As a part of my Ph.D. research, I have constructed several infinite families of sum-networks using a systematic procedure on combinatorial block designs and evaluated their computation capacity analytically. As a consequence, I have shown that in general, the computation capacity of a sum-network changes if the underlying finite field alphabet of the data is changed. This is possible because some of the intermediate computations in the network become more efficient over certain finite fields. The structure of the network plays an important role in this.

Variable-length network codes

Network with three sources and one terminal 

Consider now a more specific network shown in the above Figure. Suppose each source observes a data value that is either \(0\) or \(1\), and the terminal wishes to compute with zero error the sum, over the real numbers, of the three data values.
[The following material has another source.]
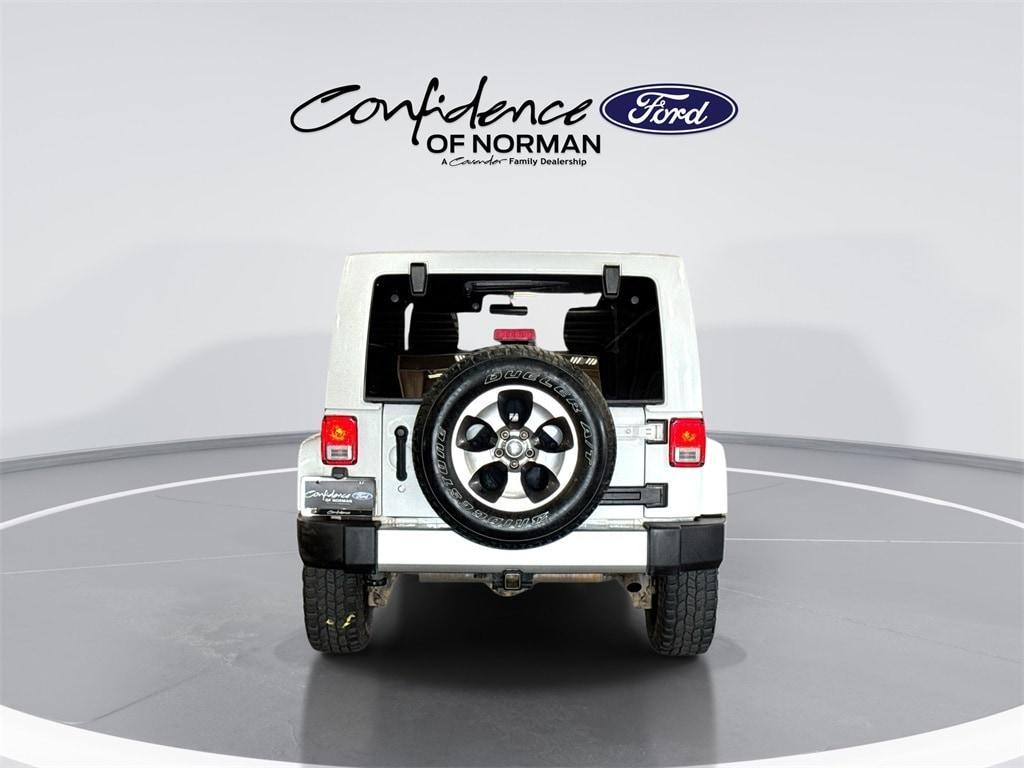 used 2018 Jeep Wrangler JK Unlimited car, priced at $16,984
This is the simplest non-tree network structure, and its computation capacity is known to be \(\log_6 4 \approx 0.77\) in the standard network code framework. This value is obtained after counting the necessary and sufficient number of distinct messages that are transmitted over the edges \((s_1, t)\) and \((s_2, t)\).
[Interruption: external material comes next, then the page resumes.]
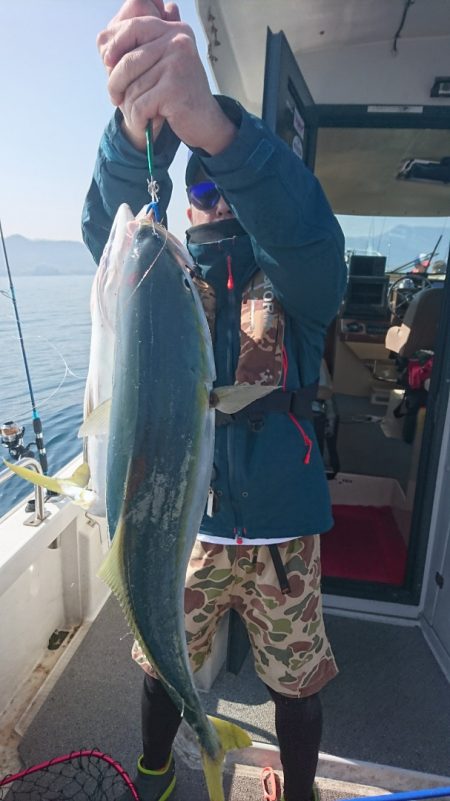 ARCADIAⅡ (アルカディアⅡ) 釣果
Suppose now that each of the data values is known to be equally likely to be \(0\) or \(1\). A traditional network code assigns the same amount of communication resources for each edge and each block of data values. However, by relaxing this requirement, i.e., by letting the edge messages have variable-length based on the current block of data values, we can use the probability information to compress the number of bits that can be represented in the messages. This allows us to reduce the communication load; in this example, we demonstrate a network code with rate \(0.8\) in the variable-length network code framework. We also show an upper bound of \(8/9\) for the rate, characterizing this upper bound for more general function computation problems is a work in progress.

Privacy-preserving data analysis

The previous two scenarios, in their essence, considered the problem of efficiently combining data over a network. We now consider the problem of what data is most necessary for us to obtain good predictions. During the course of an internship at Mitsubishi Electric Research Labs, Boston, I have worked on the problem of privacy-preserving data analysis.
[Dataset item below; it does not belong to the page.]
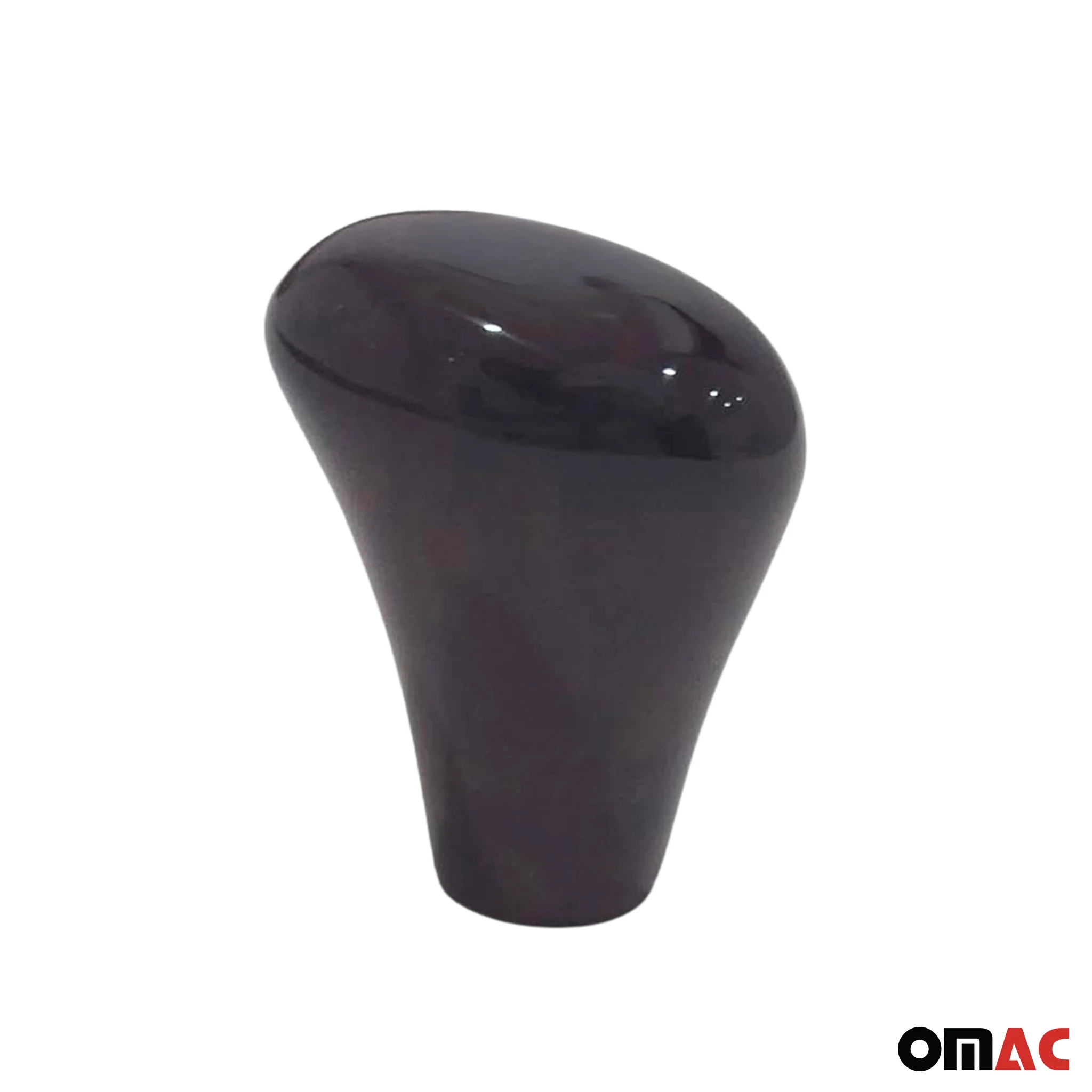 BMW 7 Series E23 E32 E38 Z1 Z3 Z4 X5 Gear Shift Knob Shifter Handle Walnut Without Emblem - Image 4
The premise of the problem can be illustrated with the example of central air-conditioning. Suppose we have temperature sensors in every room of the building, and we have all of their data. While that would enable the control unit to make an optimal decision, a malicious agent having access to the same dataset would be able to infer some sensitive attributes. For example, it is reasonable to assume that the temperature in a room is affected by the number of people present in it. Having access to this data at a fine time scale would allow the malicious agent to reliably infer the movement of occupants in the building.

Using adversarial neural networks

What we would like to do is to sanitize the raw dataset, so as to ensure that uncertainty about recognized sensitive attributes remains high. In the process, we would like to have minimal impact on the utility of the dataset for its legitimate purpose. In the above example, the sensitive attribute could be the occupant status of each room, and the legitimate purpose is deciding whether to heat or cool. The general setup of the problem is shown below. The observed dataset \(W\) is passed through a possibly randomized data release mechanism to obtain a sanitized version \(Z\) fit for release.

Privacy-utility tradeoff setup 

This problem can be formulated, for e.g., using information theoretic privacy as quantifying the uncertainty over the sensitive attributes. Over certain synthetic datasets, we are able to analytically find the optimum privacy-utility tradeoff using knowledge of the random process generating the data. Ignoring the data model and just using training data samples, we can use adversarial neural networks to generate a sanitized release of the test dataset. We have observed that the operating points achieved by the generated test dataset on the privacy-utility tradeoff plane is very close to the optimal. We show an interesting application of this approach on the MNIST handwritten digits dataset in the preprint. There we used adversarial networks to obfuscate the digit while keeping the pixel-wise image distortion low.